* _Exercise_:
Only the pictures are to be dropped, and the rest of the data should be copied exactly.

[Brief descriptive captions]
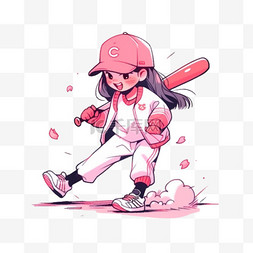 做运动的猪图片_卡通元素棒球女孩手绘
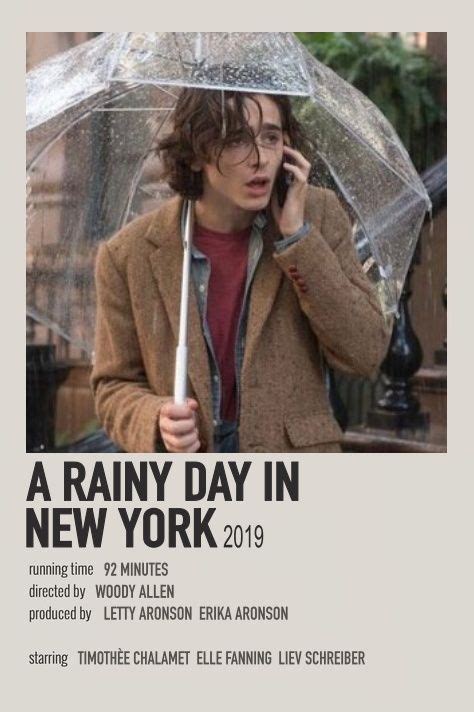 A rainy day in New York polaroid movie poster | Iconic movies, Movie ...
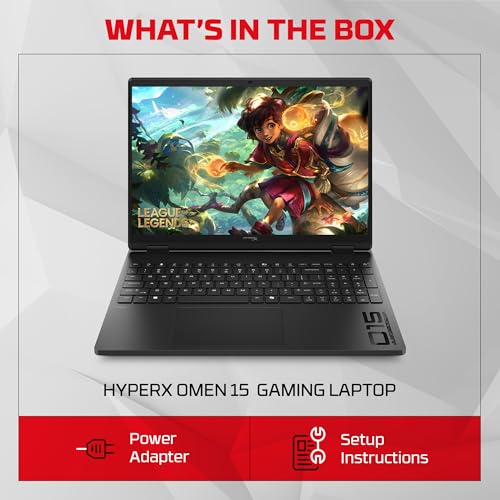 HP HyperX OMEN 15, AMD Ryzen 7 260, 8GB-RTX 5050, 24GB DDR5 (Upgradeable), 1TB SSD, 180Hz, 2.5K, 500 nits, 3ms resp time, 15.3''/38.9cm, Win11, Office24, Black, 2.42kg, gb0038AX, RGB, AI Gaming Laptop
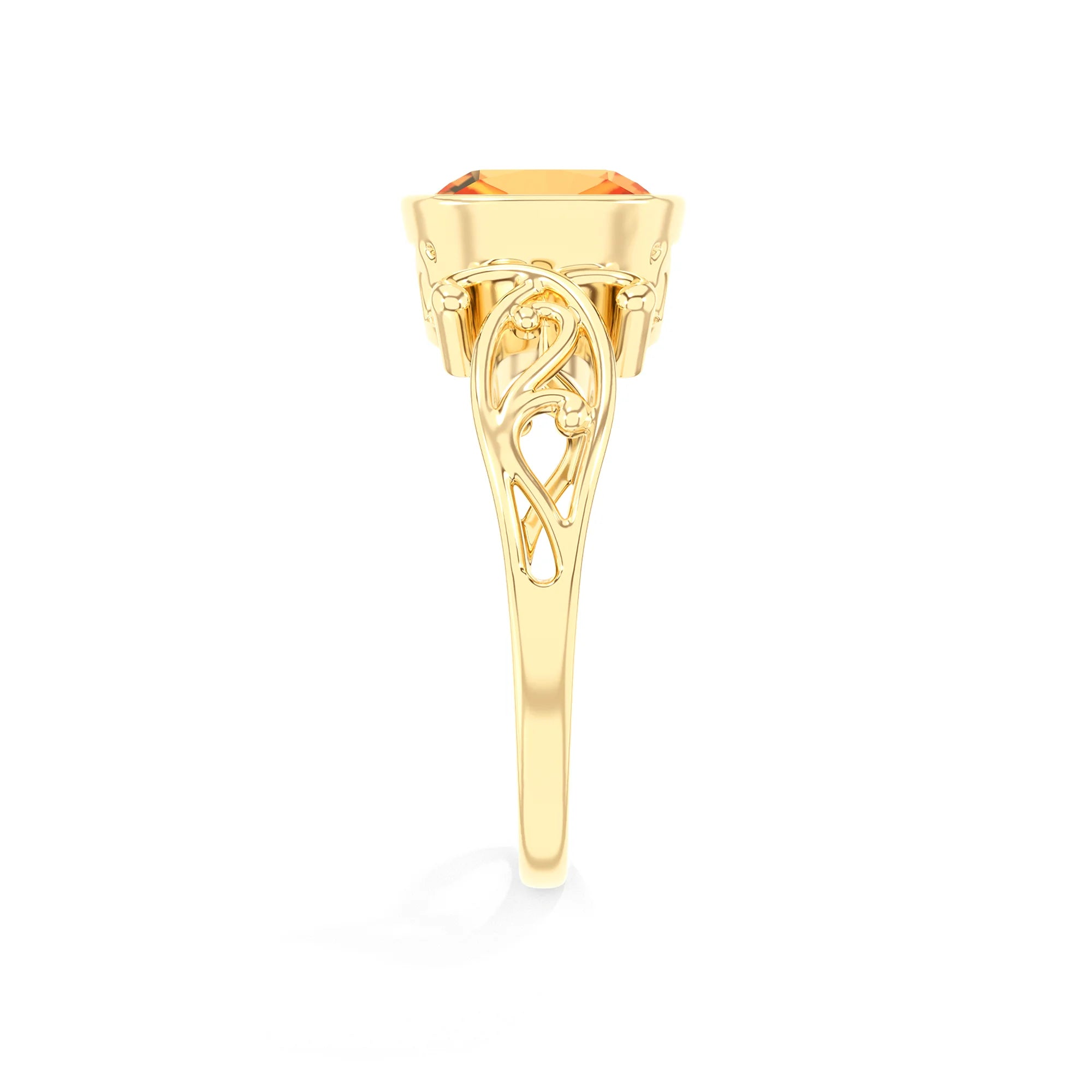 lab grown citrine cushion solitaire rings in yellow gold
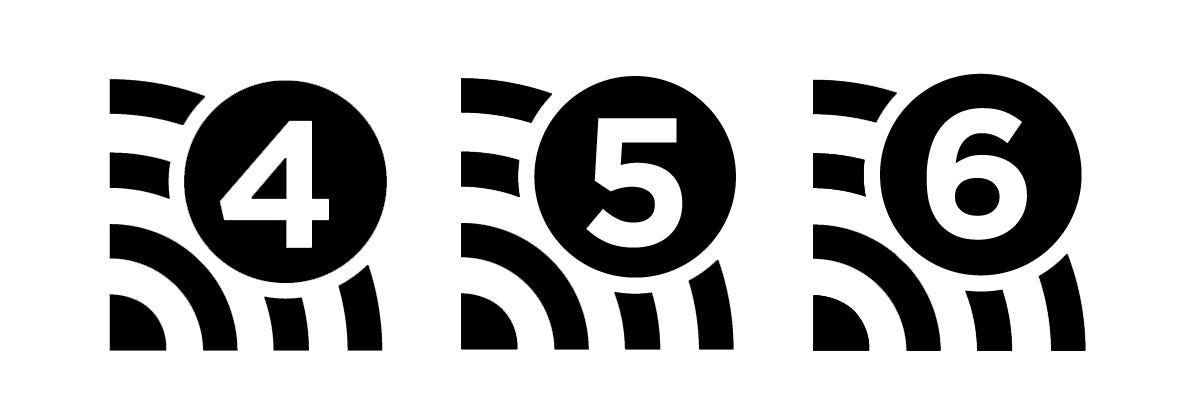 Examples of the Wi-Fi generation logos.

* _Expected answer_:
 做运动的猪图片_卡通元素棒球女孩手绘
 A rainy day in New York polaroid movie poster | Iconic movies, Movie ...
 HP HyperX OMEN 15, AMD Ryzen 7 260, 8GB-RTX 5050, 24GB DDR5 (Upgradeable), 1TB SSD, 180Hz, 2.5K, 500 nits, 3ms resp time, 15.3''/38.9cm, Win11, Office24, Black, 2.42kg, gb0038AX, RGB, AI Gaming Laptop
 lab grown citrine cushion solitaire rings in yellow gold
 Examples of the Wi-Fi generation logos.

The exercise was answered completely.